▶ **What is expected**:
Find the line with "I've never seen" in the records below. Copy it and every line after it, up to and including the line with "So what do we".

▶ **Records for the exercise**:
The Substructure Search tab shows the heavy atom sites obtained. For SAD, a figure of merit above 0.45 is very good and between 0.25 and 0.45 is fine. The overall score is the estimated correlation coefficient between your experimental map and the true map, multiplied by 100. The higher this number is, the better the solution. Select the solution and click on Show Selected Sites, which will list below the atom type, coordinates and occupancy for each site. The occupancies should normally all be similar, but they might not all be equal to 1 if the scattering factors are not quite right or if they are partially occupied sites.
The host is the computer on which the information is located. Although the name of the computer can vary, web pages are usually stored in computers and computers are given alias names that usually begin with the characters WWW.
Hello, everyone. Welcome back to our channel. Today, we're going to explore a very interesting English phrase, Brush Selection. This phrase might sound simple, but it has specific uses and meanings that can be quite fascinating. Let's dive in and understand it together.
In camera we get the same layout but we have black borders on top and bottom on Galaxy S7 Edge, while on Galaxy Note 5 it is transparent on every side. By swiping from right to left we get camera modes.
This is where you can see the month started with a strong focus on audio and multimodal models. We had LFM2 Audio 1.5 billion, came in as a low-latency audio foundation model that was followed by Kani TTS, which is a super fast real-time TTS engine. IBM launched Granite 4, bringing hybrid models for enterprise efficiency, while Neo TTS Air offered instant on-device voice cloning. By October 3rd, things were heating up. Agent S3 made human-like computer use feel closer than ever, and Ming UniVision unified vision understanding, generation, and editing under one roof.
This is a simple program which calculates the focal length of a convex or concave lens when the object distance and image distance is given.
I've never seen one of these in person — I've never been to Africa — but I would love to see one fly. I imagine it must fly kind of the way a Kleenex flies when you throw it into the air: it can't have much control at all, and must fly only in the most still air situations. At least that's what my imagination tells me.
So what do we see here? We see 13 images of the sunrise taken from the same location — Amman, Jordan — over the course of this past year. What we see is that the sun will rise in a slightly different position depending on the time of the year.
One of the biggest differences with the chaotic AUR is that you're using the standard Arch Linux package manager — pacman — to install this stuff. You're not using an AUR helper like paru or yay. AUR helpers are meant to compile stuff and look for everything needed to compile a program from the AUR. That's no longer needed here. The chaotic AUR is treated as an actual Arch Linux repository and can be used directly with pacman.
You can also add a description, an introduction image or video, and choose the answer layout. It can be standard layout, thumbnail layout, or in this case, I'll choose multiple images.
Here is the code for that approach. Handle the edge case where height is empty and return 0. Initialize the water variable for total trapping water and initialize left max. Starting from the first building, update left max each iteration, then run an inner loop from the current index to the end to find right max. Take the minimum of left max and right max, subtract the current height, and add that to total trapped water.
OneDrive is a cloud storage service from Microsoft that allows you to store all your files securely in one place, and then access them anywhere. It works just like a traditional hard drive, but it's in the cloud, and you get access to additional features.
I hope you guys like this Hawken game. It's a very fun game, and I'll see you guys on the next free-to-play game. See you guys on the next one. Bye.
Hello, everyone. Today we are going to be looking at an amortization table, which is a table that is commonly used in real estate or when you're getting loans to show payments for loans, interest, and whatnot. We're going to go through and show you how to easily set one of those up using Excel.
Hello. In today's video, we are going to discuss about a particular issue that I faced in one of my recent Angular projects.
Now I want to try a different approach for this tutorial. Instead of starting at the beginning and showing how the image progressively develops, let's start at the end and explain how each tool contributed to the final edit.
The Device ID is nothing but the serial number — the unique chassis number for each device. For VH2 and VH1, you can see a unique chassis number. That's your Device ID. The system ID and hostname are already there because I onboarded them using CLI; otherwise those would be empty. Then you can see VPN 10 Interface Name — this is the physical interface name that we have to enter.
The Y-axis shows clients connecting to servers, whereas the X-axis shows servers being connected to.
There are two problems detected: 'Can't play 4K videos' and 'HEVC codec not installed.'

▶ **Completed task**:
I've never seen one of these in person — I've never been to Africa — but I would love to see one fly. I imagine it must fly kind of the way a Kleenex flies when you throw it into the air: it can't have much control at all, and must fly only in the most still air situations. At least that's what my imagination tells me.
So what do we see here? We see 13 images of the sunrise taken from the same location — Amman, Jordan — over the course of this past year. What we see is that the sun will rise in a slightly different position depending on the time of the year.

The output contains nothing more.